Instructions to follow:
The material below includes pictures; leave them out and return only the lines between the line containing "Multi-Generational Wealth Planning: Key" and the line containing "原创 阿尔卡拉斯:辛纳赢下阳光双冠后还参加蒙特卡洛让我非常意外", inclusive, word for word.

Data for this exercise:

════════════════════

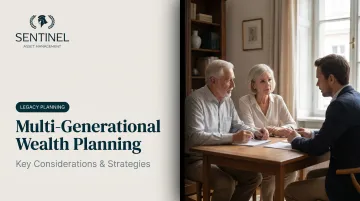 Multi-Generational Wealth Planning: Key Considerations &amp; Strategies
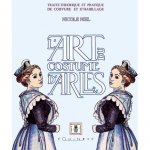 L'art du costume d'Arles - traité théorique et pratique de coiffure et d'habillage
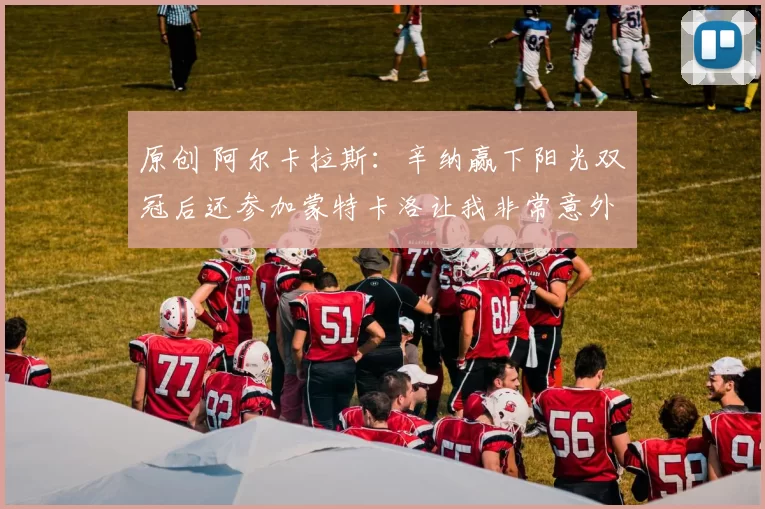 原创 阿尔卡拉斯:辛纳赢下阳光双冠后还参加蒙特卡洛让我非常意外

════════════════════

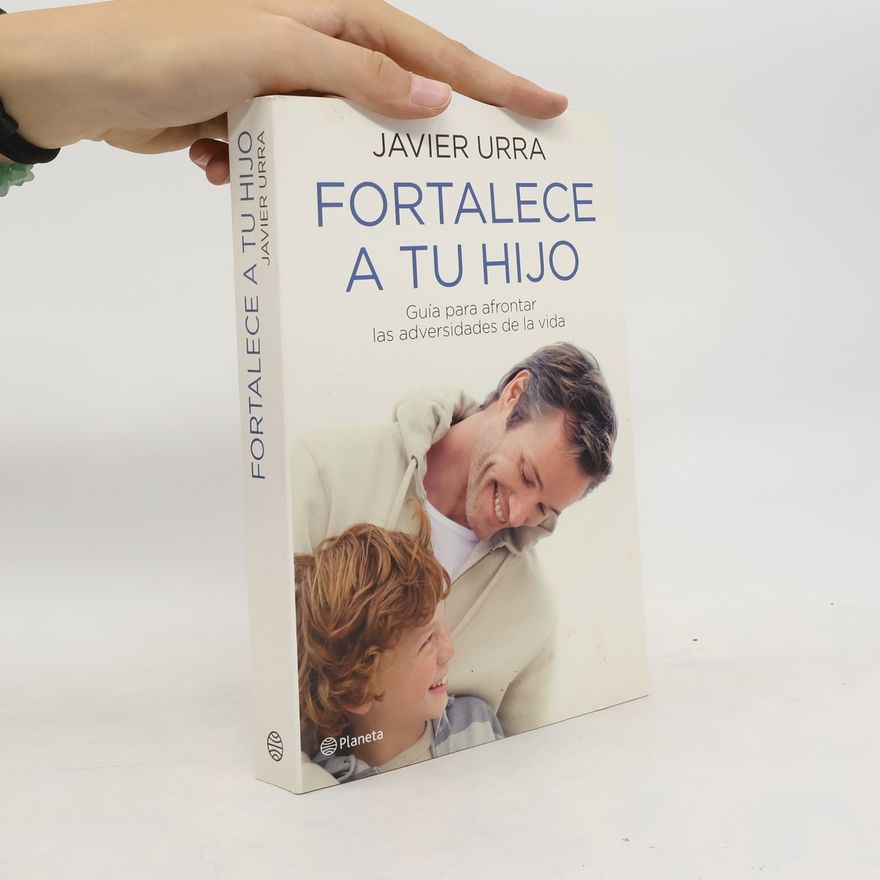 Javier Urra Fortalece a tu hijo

════════════════════

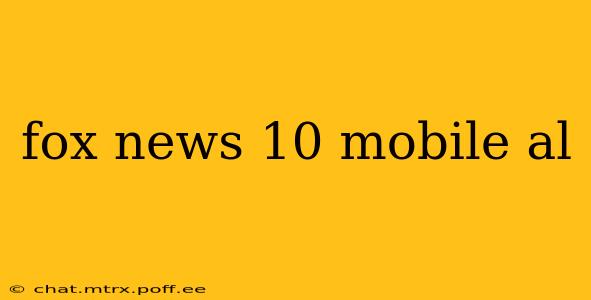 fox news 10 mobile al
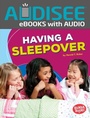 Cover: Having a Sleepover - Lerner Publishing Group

════════════════════

Reply to the task:
 Multi-Generational Wealth Planning: Key Considerations &amp; Strategies
 L'art du costume d'Arles - traité théorique et pratique de coiffure et d'habillage
 原创 阿尔卡拉斯:辛纳赢下阳光双冠后还参加蒙特卡洛让我非常意外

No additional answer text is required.